What is the best way to clean the screen of the fire? I've seen a suggestion of baby wipes is that really ok


----------



## Linjeakel (Mar 17, 2010)

Generally speaking, water and electronics are not (as Buffy would say) mixy things.   

But in my experience a soft, lint free and slightly damp cloth, used carefully, is often the best thing for cleaning Kindles and the like. Make sure you don't have it so wet that you squeeze water off the cloth onto the device. Wipe it lightly with a dry cloth first, to get any lose bits of dust etc off, so you don't scratch it when you wipe it a bit more firmly with the damp cloth. Use the dry cloth again afterwards. Chemicals of any kind are to be avoided - and if you use a spray for the water, spray onto the cloth, not directly onto the device.


----------



## Morf (Nov 18, 2010)

I always recommend cleaning screens with a dry cloth and a bit of "Hurrr"...

Lean close to the screen, go "hhhhuuuuurrrrhhhhh" so it mists up slightly, then polish it with the cloth.

I would be careful of any chemical cleaner - even baby wipes - unless there are marks that can't be shifted any other way.


----------



## Ann in Arlington (Oct 27, 2008)

These work really well:


----------



## SusanCassidy (Nov 9, 2008)

Baby wipes often have lanolin or some other oily substance in them - not good for screens.


----------



## dmcounts (Nov 26, 2009)

I just wipe it across the front of my T Shirt a couple of times.

don


----------



## mistyd107 (May 22, 2009)

the baby wipes sounded wrong to me  which is why i asked.when i read it thx for the suggestions?  What about using monitor wipes if we needed moisture? would that work


----------



## dmcounts (Nov 26, 2009)

Gorilla Glass.

http://gizmodo.com/5726124/what-is-gorilla-glass



> Drop it, smack it, or shoot it with an air rifle, and chances are you won't break, or even scratch, a piece of Gorilla Glass.
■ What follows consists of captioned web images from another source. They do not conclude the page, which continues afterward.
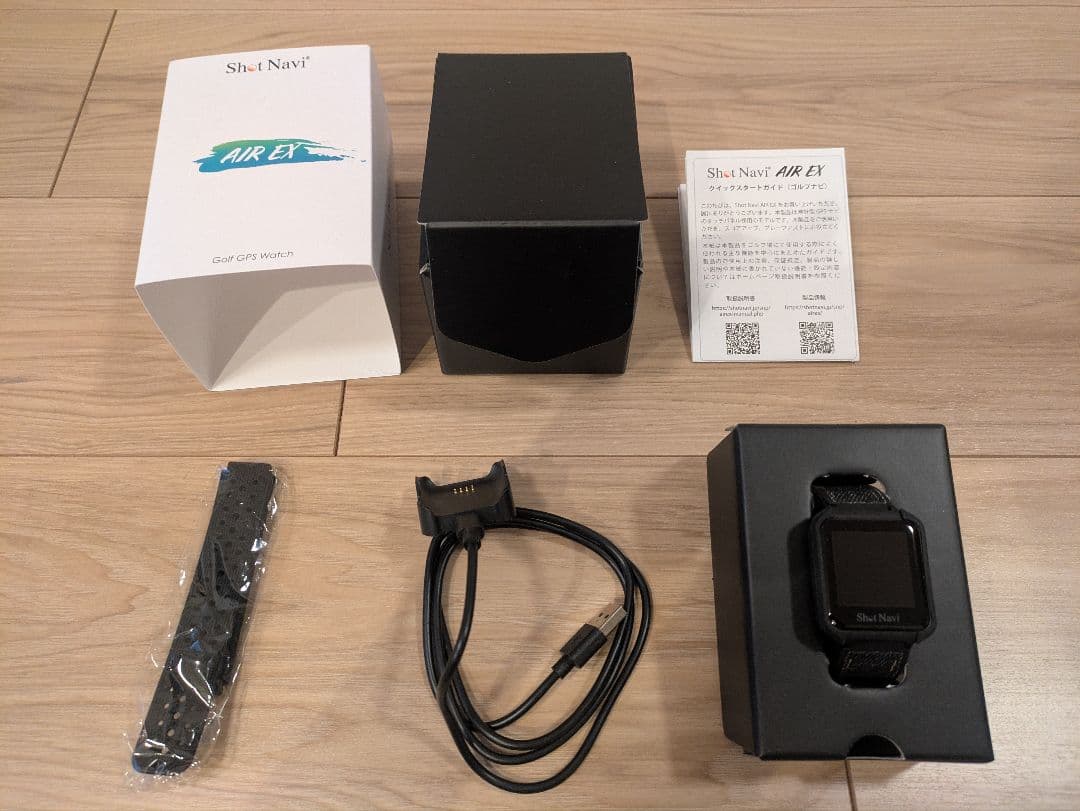 Shot Navi AIR ゴルフ GPS ウォッチ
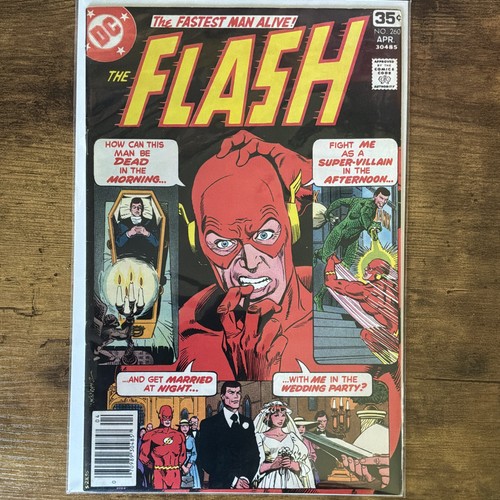 Comics the flash 260 - #260, apr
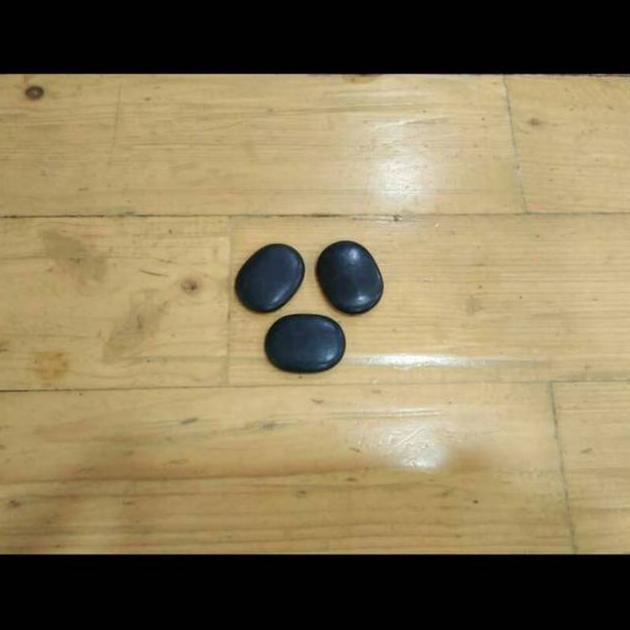 BESTPROMO Batu panas hot stone spa 34 1pcs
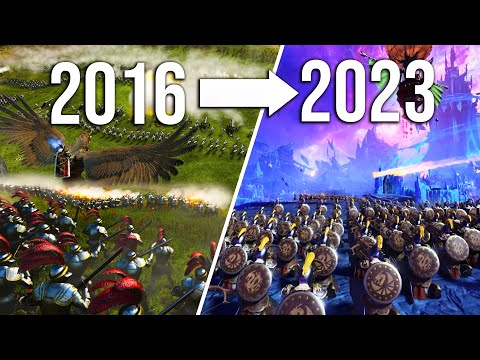 Total War Warhammer 3 & Immortal Empires One Year Later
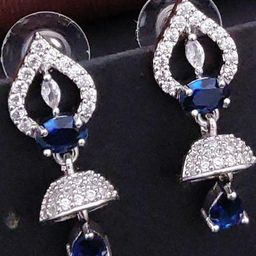 RACHANA FASHION Silver-Plated Alloy Earrings-image-27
Our own Brian Barrett went hands-on with a panel some time ago, and came away impressed:
> 
> Gorilla Glass is an unscratchable, unshatterable material used as a protective window for your mobile phone, PMP, or laptop display. It's in 65 products already, and I can assure you that the very nice man from Corning is not faking it. Your intrepid reporter also gave this several tries with all his blogger strength, and couldn't make a dent. I was, however, able to scratch the heck out of some polycarbonate.


My concern is to not get any liquid inside the Fire not so much damaging the glass screen.

don


----------



## Meemo (Oct 27, 2008)

If it isn't too dirty, just my fingerprints, I just wipe it across my t-shirted belly (assuming I'm wearing a soft t-shirt or sweatshirt or something).  If the grandkids have gotten grubby fingerprints all over it (I can literally feel when they've been using my phone or iPad or Fire!), then I use the cleaner we use on the computer monitor, I spray it on a microfiber cloth and clean the screen.  Or if I'm cleaning my glasses with lens wipes, I'll give the screens of my Fire/iPad/iPhone a swipe if they're nearby.  

You're right, though - baby wipes don't make sense - they've likely to have something that would leave a film behind on the screen.


----------